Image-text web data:

^^^^

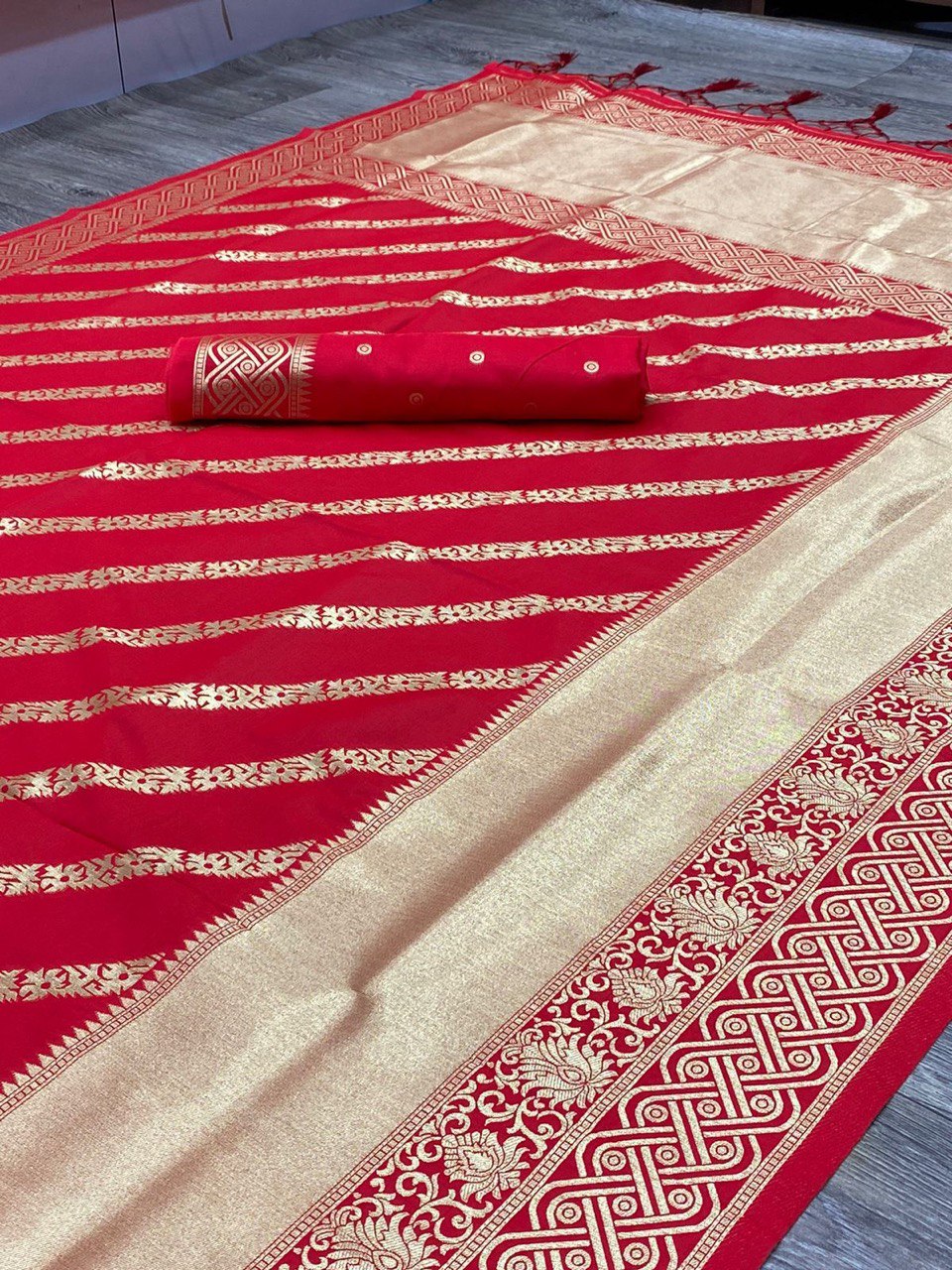 Red Heavy Zari Weaving Banarasi Soft Silk by Icultuer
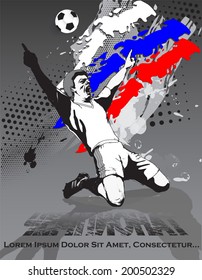 grunge style image of the flag and the victory of the football player on the football field of Russia.vector illustration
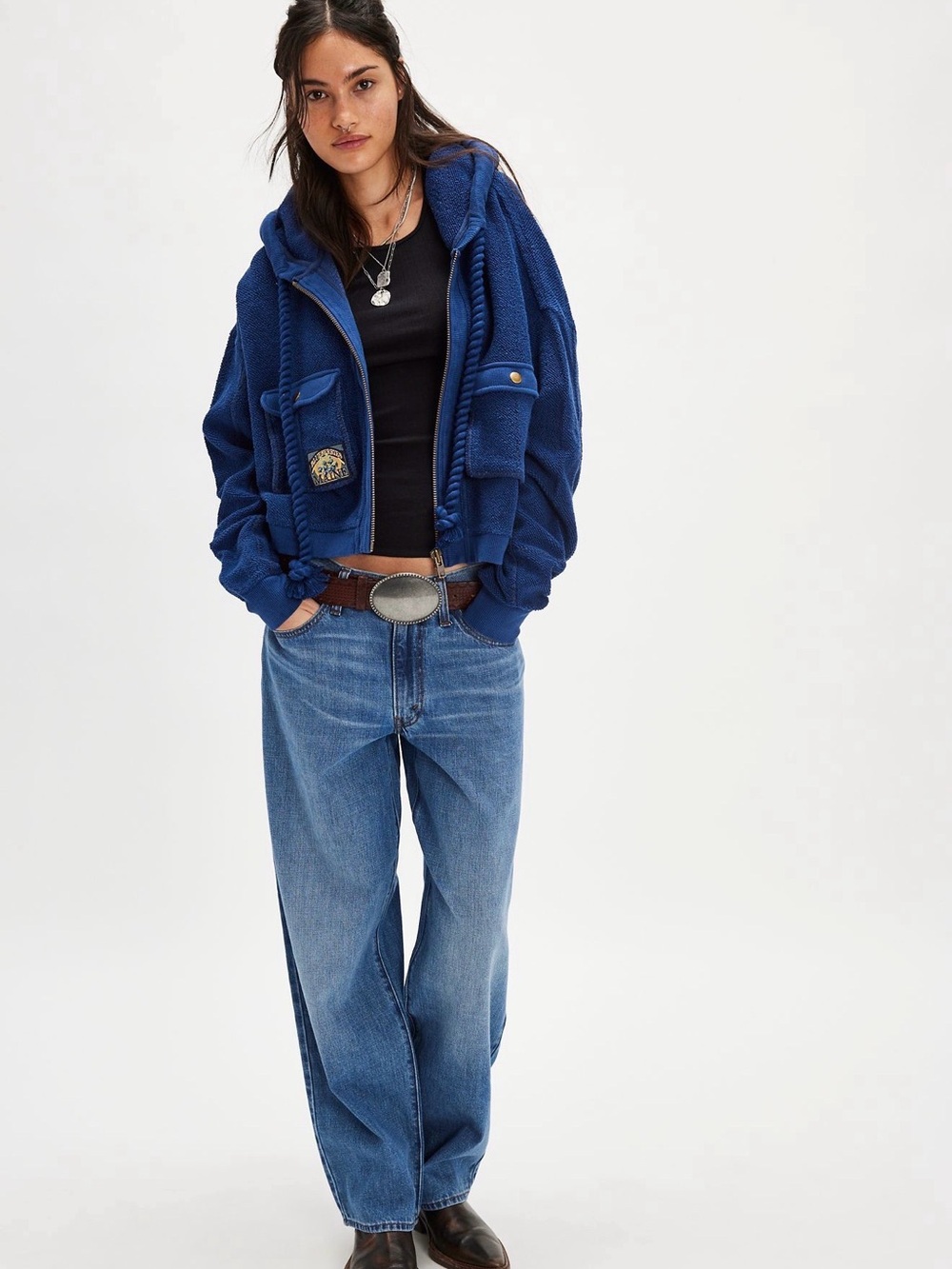 Free People So Lush Blue Zip Hoodie with Maine Blueberry Patch - Picture 3 of 7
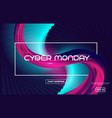 cyber monday sale poster design with creative 3d vector image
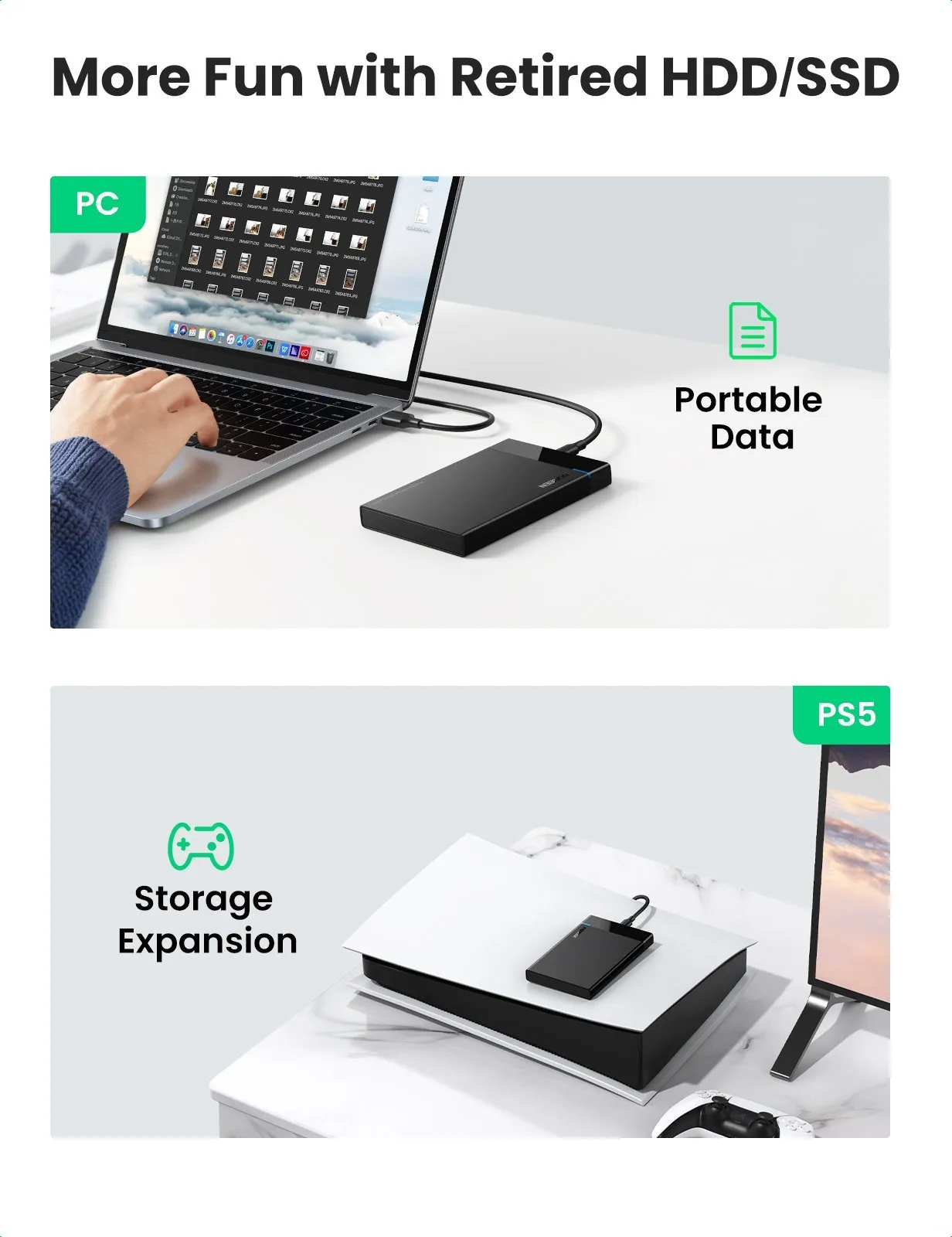 UGREEN USB C 2.5 Inches SATA III Hard Drive Enclosure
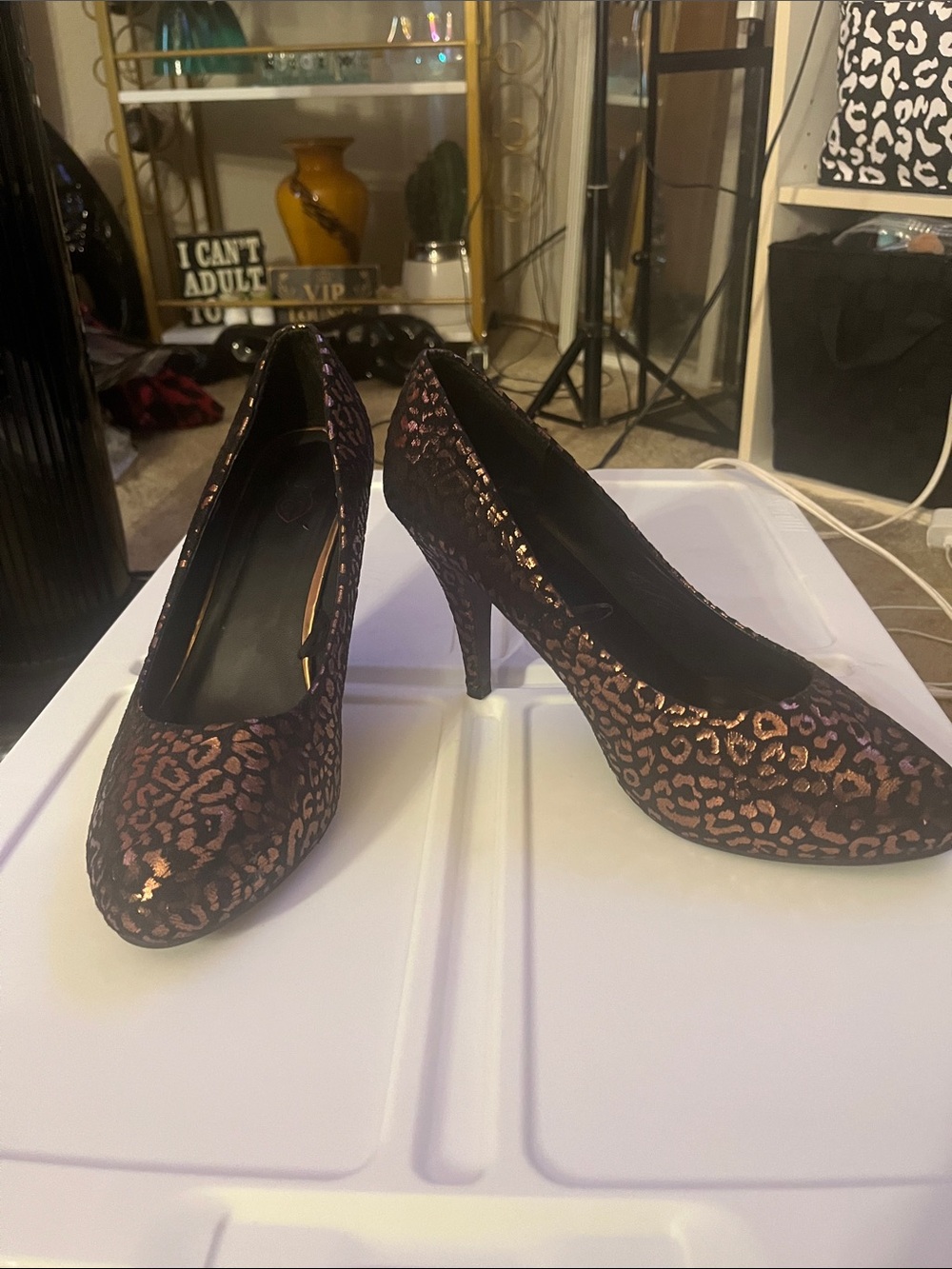 torrid Metallic Leopard Print Pumps - Black & Rose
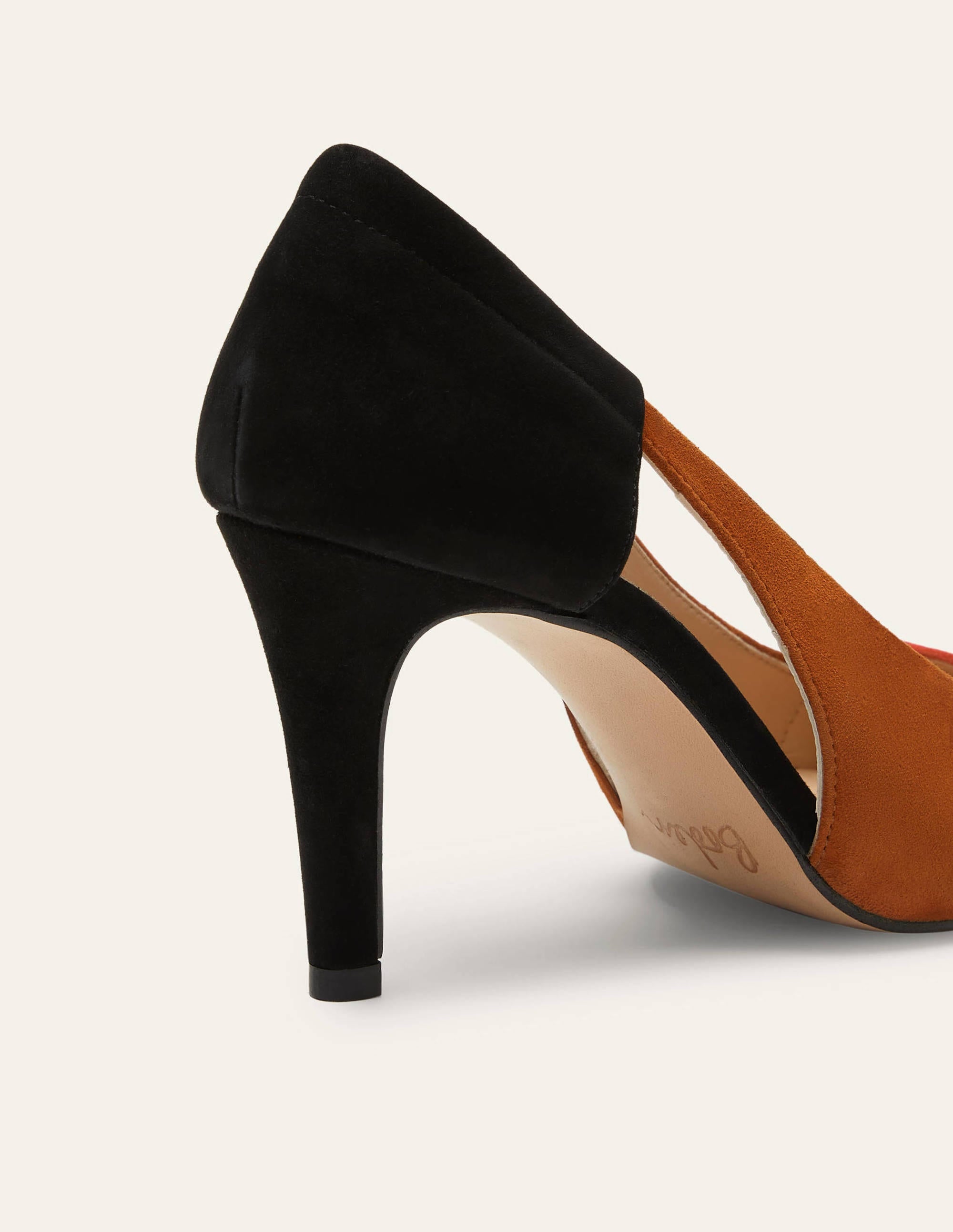 Cut Out Suede Court Shoes-Black/Frankincense/Poppadew - Image 3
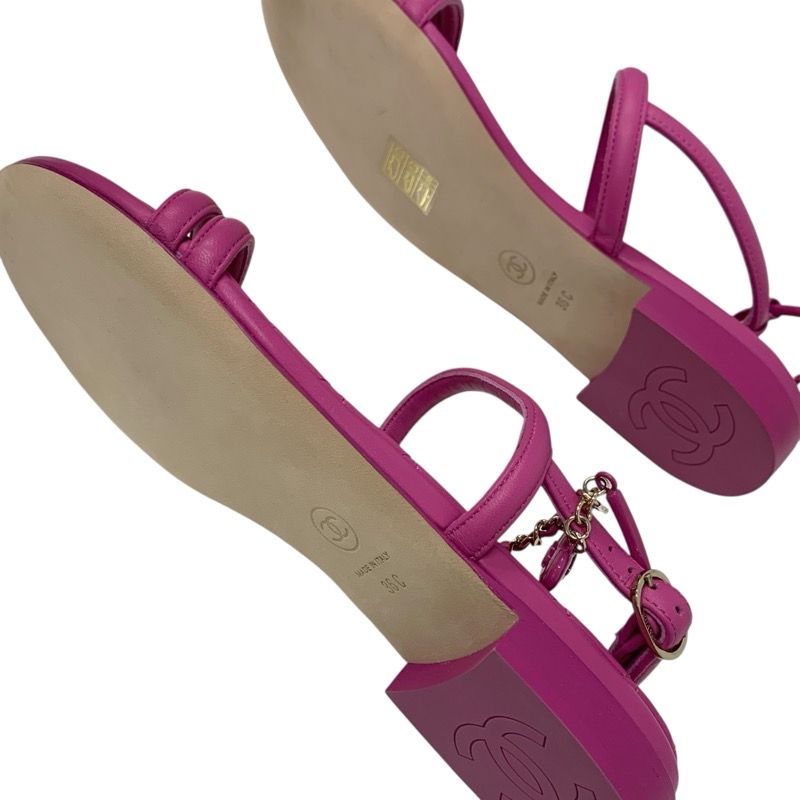 Chanel Sandals Shoes Leather Pink Gold Matelasse Coco Mark Heart Chain Strap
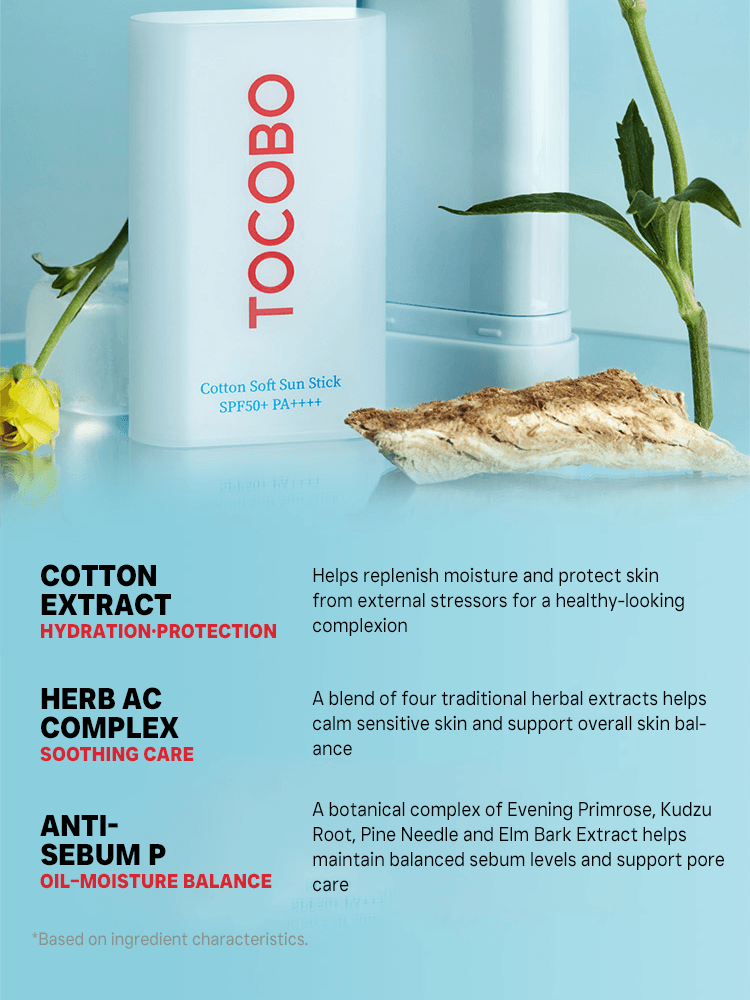 TOCOBO Cotton Soft Sun Stick 19g SPF50+/PA++++ features hydration protection, soothing care, and oil-moisture balance.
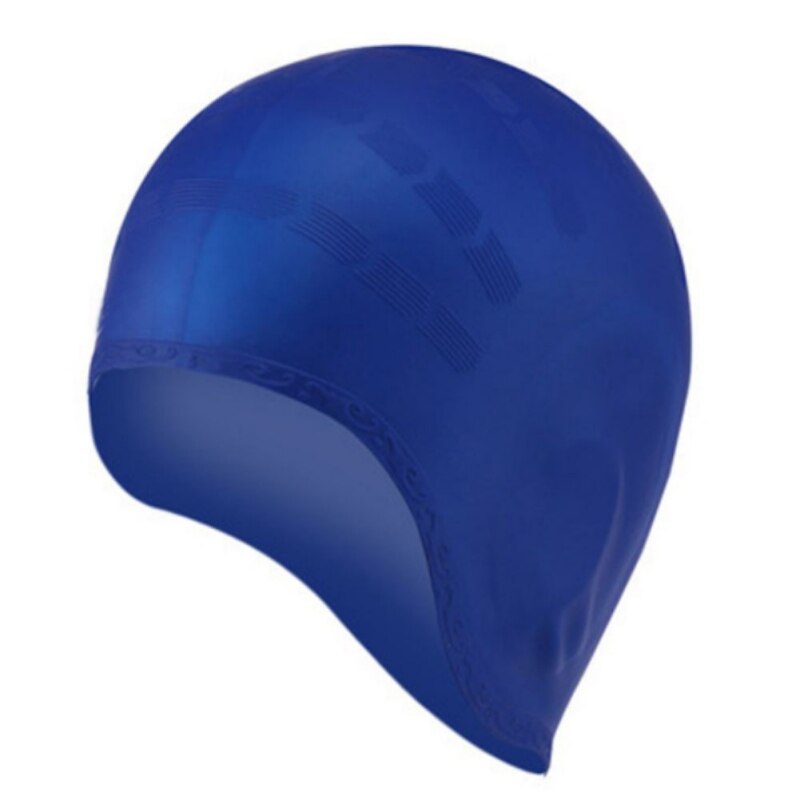 Mujeres Hombres niños natación piscina agua deporte impermeable silicona buceo natación gorro largo protección oreja taza gorros de baño, sombrero: Azul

^^^^

• _What you have to do_: Without the pictures, give again exactly the lines above starting at the line containing "Free People So" and ending at the line containing "TOCOBO Cotton Soft".

• _Answer space_:
 Free People So Lush Blue Zip Hoodie with Maine Blueberry Patch - Picture 3 of 7
 cyber monday sale poster design with creative 3d vector image
 UGREEN USB C 2.5 Inches SATA III Hard Drive Enclosure
 torrid Metallic Leopard Print Pumps - Black & Rose
 Cut Out Suede Court Shoes-Black/Frankincense/Poppadew - Image 3
 Chanel Sandals Shoes Leather Pink Gold Matelasse Coco Mark Heart Chain Strap
 TOCOBO Cotton Soft Sun Stick 19g SPF50+/PA++++ features hydration protection, soothing care, and oil-moisture balance.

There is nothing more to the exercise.